At 15:58 23/11/99 -0600, you wrote:
>I'm considering submitting a grant to put a 2,800,000 word corpus of
>historical Portuguese texts on the web ...
>My question concerns getting copyrights for the texts.

What you propose would seem to be a clear case of fair use for
scholarship or research purposes, for which prior permission cannot
be required. Two sites devoted to this issue are:

http://www.cetus.org/fairindex.html
(in particular, http://www.cetus.org/fair5.html )

http://fairuse.stanford.edu
The following is taken from http://fairuse.stanford.edu/rice.html :
(dated 1998):

[snip...]
Copyright and Fair Use, Stanford University Libraries

I. Fair Use for Teaching and Research

The "fair use" doctrine allows limited reproduction of copyrighted works
for educational and research purposes. The relevant portion of the copyright
statue provides that the "fair use" of a copyrighted work, including
reproduction "for purposes such as criticism, news reporting, teaching
(including multiple copies for classroom use), scholarship, or research"
is not an infringement of copyright.
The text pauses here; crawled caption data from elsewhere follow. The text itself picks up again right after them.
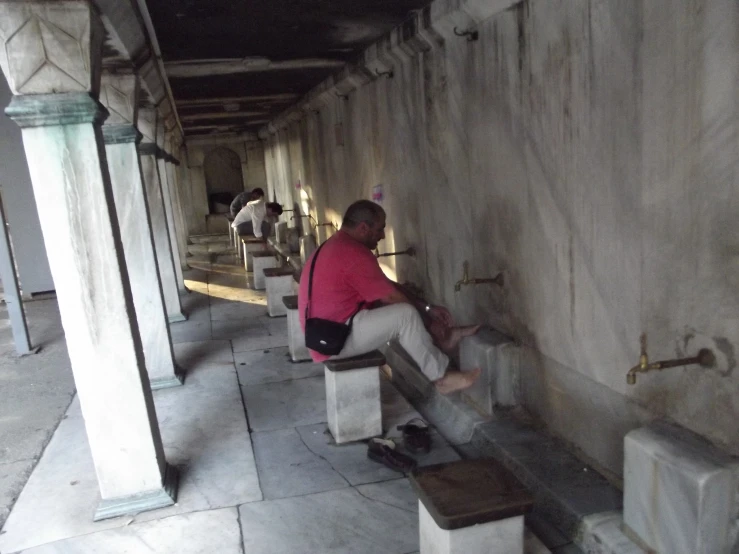 a man in red shirt sitting on top of two stools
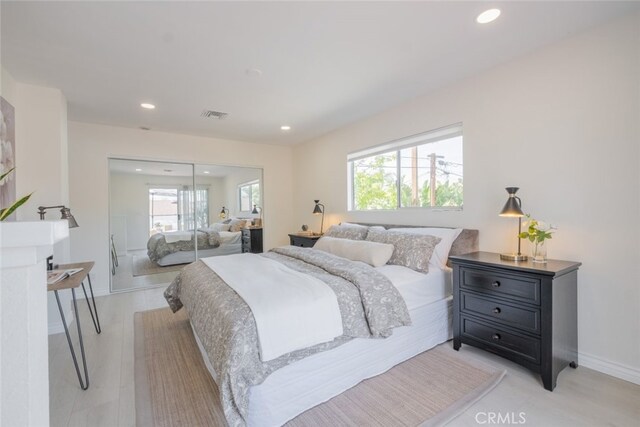 bedroom with recessed lighting, visible vents, a closet, and baseboards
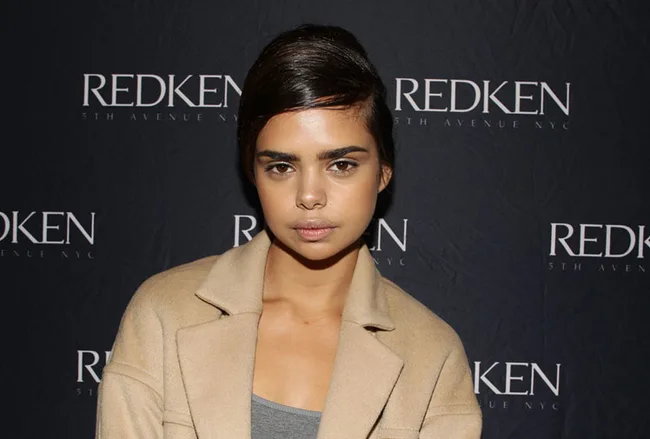 Person with sleek hairstyle and beige coat at a Redken event backdrop.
The law lists the following factors as
the
ones to be evaluated in determining whether a particular use of a
copyrighted work is a permitted "fair use," rather than an infringement
of the copyright:

the purpose and character of the use, including whether such use
is of a commercial nature or is for nonprofit educational purposes;

the nature of the copyrighted work;

the amount and substantiality of the portion used in relation to the
copyrighted work as a whole, and

the effect of the use upon the potential market for or value of the
copyrighted work.

Although all of these factors will be considered, the last factor is the
most important in determining whether a particular use is "fair."
Where a work is available for purchase or license from the copyright
owner in the medium or format desired, copying of all or a significant
portion of the work in lieu of purchasing or licensing a sufficient number
of "authorized" copies would be presumptively unfair. Where only a
small portion of a work is to be copied and the work would not be used
if purchase or licensing of a sufficient number of authorized copies
were required, the intended use is more likely to be found to be fair.